Sunday, December 7, 2008

Distribution Alternation

I have moved my machines to Ubuntu. Beginning immediately on the day of its release, I also moved all of them to Intrepid Ibex, Ubuntu 2008.10. Tonight I want to report that I am pleased after a somewhat lengthy trial period: I will stick with Ubuntu for now.



I have looked around for a replacement, and very few catch my eye anymore. This is a major change for me, as I have been an inveterate tester of distros. From Slackware to Debian to Knoppix to Mepis to Gentoo to Ubuntu to Gentoo again, then to Ubuntu. I think this captures the main thrust of my experiments, albeit there have been some more or less casual and brief detours along the way---for example when I installed cluster knoppix on three machines in my classroom, upon a time.


I had tried Gentoo for two or three main reasons: to challenge my fear of confiuration; to find a distro to run both X86 and AMD64 executables on (I'd read that Gentoo did this best); and to search for more solid performance. Gentoo was successful in all of these areas, and more. Not only that, but Gentoo had the best documentation in the GNU/Linux world, hands down, until recently.


Several problems tugged me away from Gentoo this time. I don't have enough time to maintain three or four systems, let alone one, when it takes me often several hours or longer to track down a problem. That's the fault, perhaps, of my lack of formal Computer Science training. For various reasons I do need a working computer, and a reliable one. Ubuntu has gotten to the point where it works well out of the box, and the hard problems are fewer and farther in between. (That being said, K3b on Gentoo works fantastically out of the box, and verifies burned CDs almost always; K3b on Ubuntu Intrepid Ibex is unable to verify a burn of an iso image. FOr me.


Another reason is the ease of installation of programs. It's plenty easy to install programs on Gentoo, and I like the method better, in fact. However, the advantages do not seem to outweigh the main disadvantage (time taken to install) anymore.

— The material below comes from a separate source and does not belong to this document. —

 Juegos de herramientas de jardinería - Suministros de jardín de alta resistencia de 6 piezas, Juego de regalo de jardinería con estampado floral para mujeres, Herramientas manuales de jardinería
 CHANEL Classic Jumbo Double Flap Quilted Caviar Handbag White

Gentoo seems to be falling apart. I would like to volunteer to help keep it afloat. But I am so troubled by even trying to keep a system working withing reasonable parameters, and up to date, that I cannot expect that I would be able to even offer reasonable assistance with documentation.


In particular, the docs are not as good as they used to be.

Saturday, May 10, 2008

References and Bibliography research

I am still toying with various research tools. Today, I compiled a little list of references for the marine midges Pontomyia spp. Using JabRef I was able to compile a well-formated bibliography in about an hour and a half, with over 40 references. I think it will be faster once I figure out how to do it all automatically. This was clearly a victory, however.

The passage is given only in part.